What the Output Compare (OC) units do is to take a timer as input and produce an output signal dependent on the current value of the timer relative to certain parameters. In clearer terms, you can indicate a timer value at which the OC unit will cause the output to go high, and you can indicate another timer value at which the OC unit will cause the output to go low. It doesn’t take much imagination to realise that this sounds almost perfect for generating the horizontal sync pulse:

  1. We take the timer previously set up which counts up to 643 and thus divides the display line period into units of 1/643.
  2. We identify where the pulse should be brought low and present that as the parameter for taking the output low.
  3. We identify where the pulse should be brought high and present that as the parameter for taking the output high.

Upon combining the timer and the OC unit, then configuring the output pin appropriately, we end up with a low pulse occurring at the line rate, but at a suitable offset from the start of each line.

VGA Display Line Structure

The structure of each visible display line in the VGA signal

In fact, the OC unit also proves useful in actually generating the vertical sync pulses, too. Although we have a timer that can tell us when it has wrapped around, we really need a mechanism to act upon this signal promptly, at least if we are to generate a clean signal.
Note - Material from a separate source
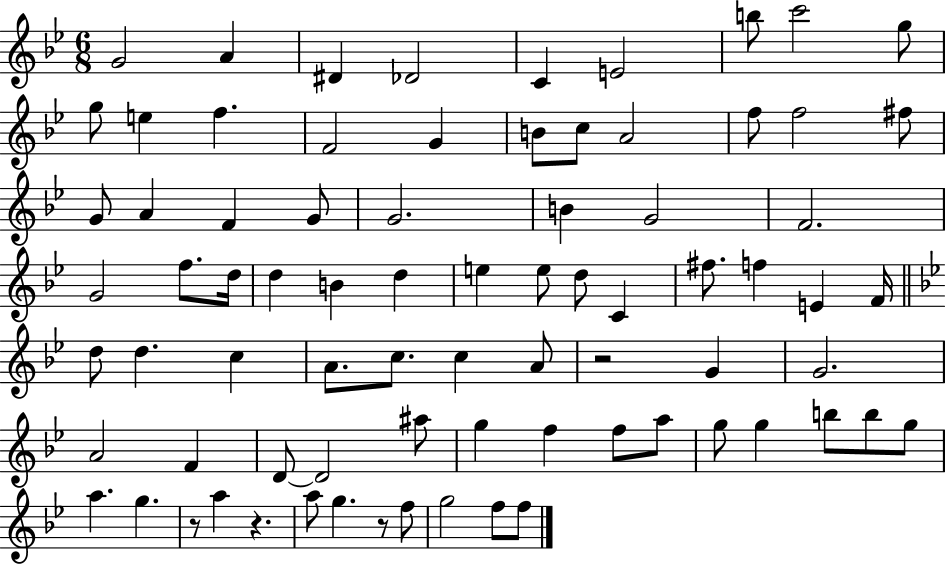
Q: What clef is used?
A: treble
Unfortunately, handling an interrupt will introduce a delay between the timer wrapping around and the CPU being able to do something about it, and it is not inconceivable that this delay may vary depending on what the CPU has been doing.

So, what seems to be a reasonable solution to this problem is to count the lines and upon seeing that the vertical sync pulse should be initiated at the start of the next line, we can enable another OC unit configured to act as soon as the timer value is zero. Thus, upon wraparound, the OC unit will spring into action and bring the vertical sync output low immediately. Similarly, upon realising that the next line will see the sync pulse brought high again, we can reconfigure the OC unit to do so as soon as the timer value again wraps around to zero.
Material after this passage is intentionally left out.